Question

If $x + y = 12$ and $xy = 27$, then find the value of ${x^3} + {y^3}$

Answer 1

Hint: According to the question we have to determine the value of ${x^3} + {y^3}$ if $x + y = 12$ and $xy = 27$. So, to obtain the value of ${x^3} + {y^3}$ first of all we have to use the given expression which are $x + y = 12$ and $xy = 27$.
Now, we have to use the formula to find the value of ${x^3} + {y^3}$ which is mentioned below:

Formula used: $ \Rightarrow {(x + y)^3} = {x^3} + {y^3} + 3xy(x + y)........................(A)$
Now, we just need to substitute all the values of the expressions we have $x + y = 12$ and $xy = 27$.

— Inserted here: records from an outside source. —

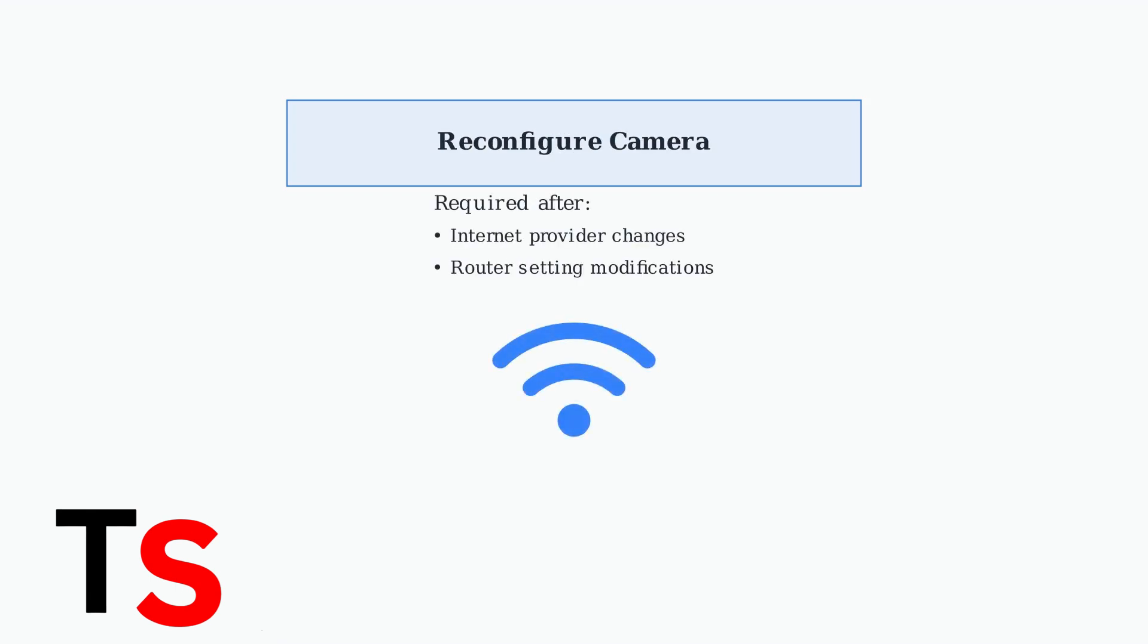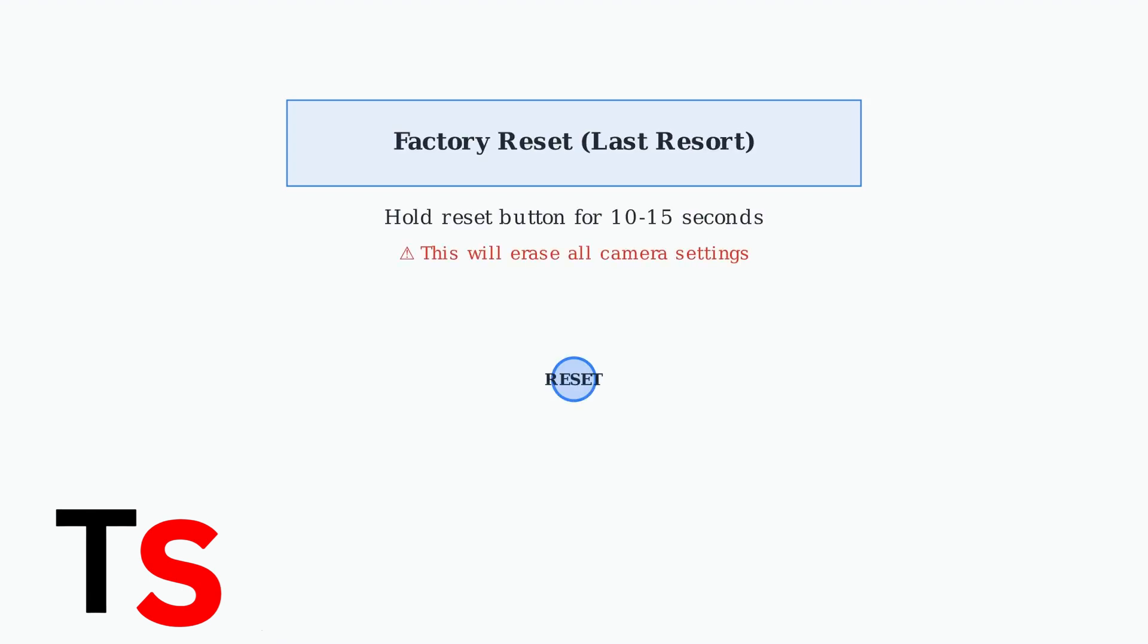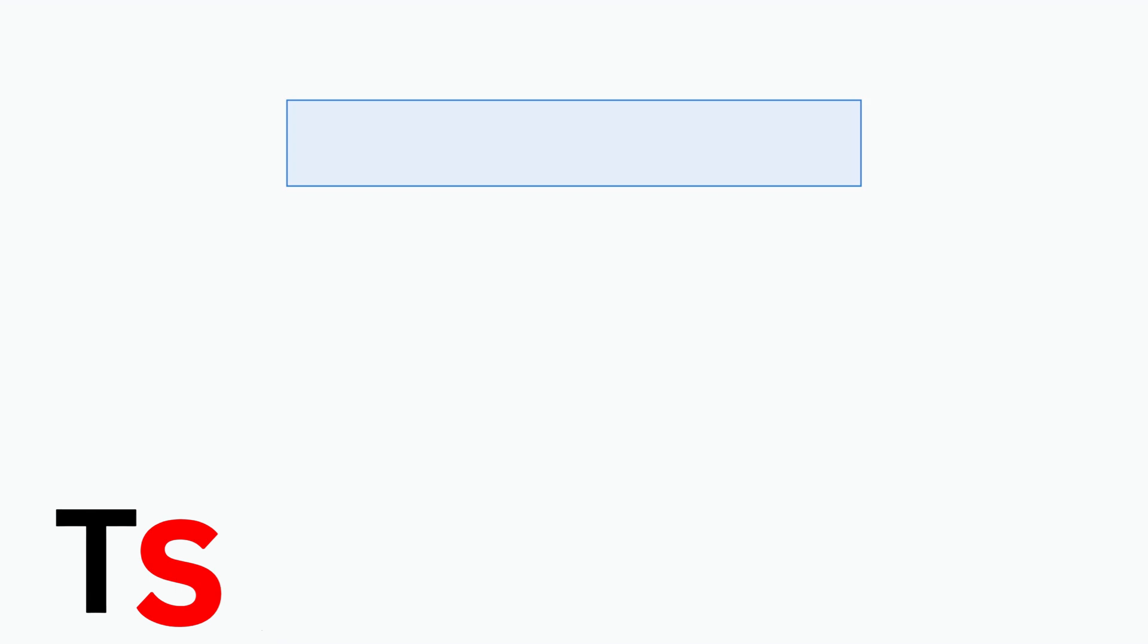If you've recently changed your internet provider or modified router settings, your camera may need reconfiguration to reconnect properly to your network. As a last resort, perform a factory reset by locating the reset button on your camera and holding it for 10 to 15 seconds until the device restarts.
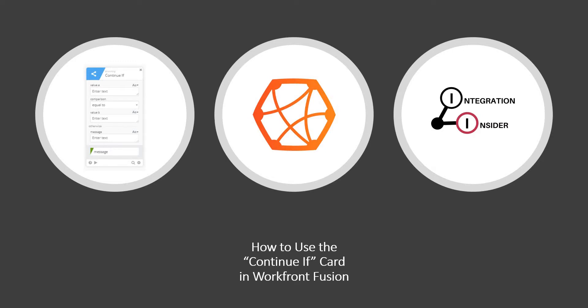Hi, this is Greg with Integration Insider, and today we're going to cover some of the details on how to use the Continue If card in Workfront Fusion.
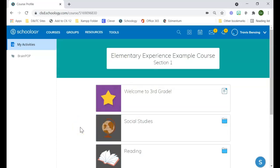In the next video, we're going to show what some of these settings look like that are slightly different between the traditional and the elementary experience.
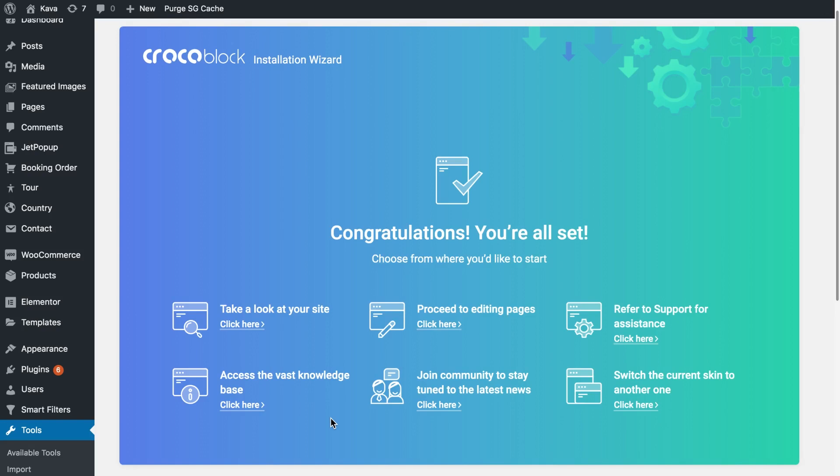If you want to learn more about Crocoblock installation wizard and how to install the Crocoblock package and import free Elementor templates with its help, check out our other tutorials. I hope this tutorial was helpful. Thank you for watching.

Complete step-by-step solution:
Step 1: First of all we have to use the formula (A) to determine the value of the given expression as mentioned in the solution hint. Hence,
$ \Rightarrow {(x + y)^3} = {x^3} + {y^3} + 3xy(x + y)........................(1)$
Step 2: Now, we have to substitute both of the given expressions $x + y = 12$and $xy = 27$ in the expression (1) as just obtained in the solution step 1.
$
   \Rightarrow {(12)^3} = {x^3} + {y^3} + 3 \times 27(12) \\
   \Rightarrow 1728 = {x^3} + {y^3} + 972 \\
   \Rightarrow {x^3} + {y^3} = 1728 - 972 \\
   \Rightarrow {x^3} + {y^3} = 756
 $

Hence, with the help of the formula (A) as mentioned in the solution hint we have determined the value of the expression ${x^3} + {y^3} = 756$

Note: It is necessary that we have to substitute all the values in the formula (A) as mentioned in the solution hint so that we can easily determine the value of the expression.
For a cubic expression/equation we can obtain three roots but for a quadratic expression we can obtain only two possible roots.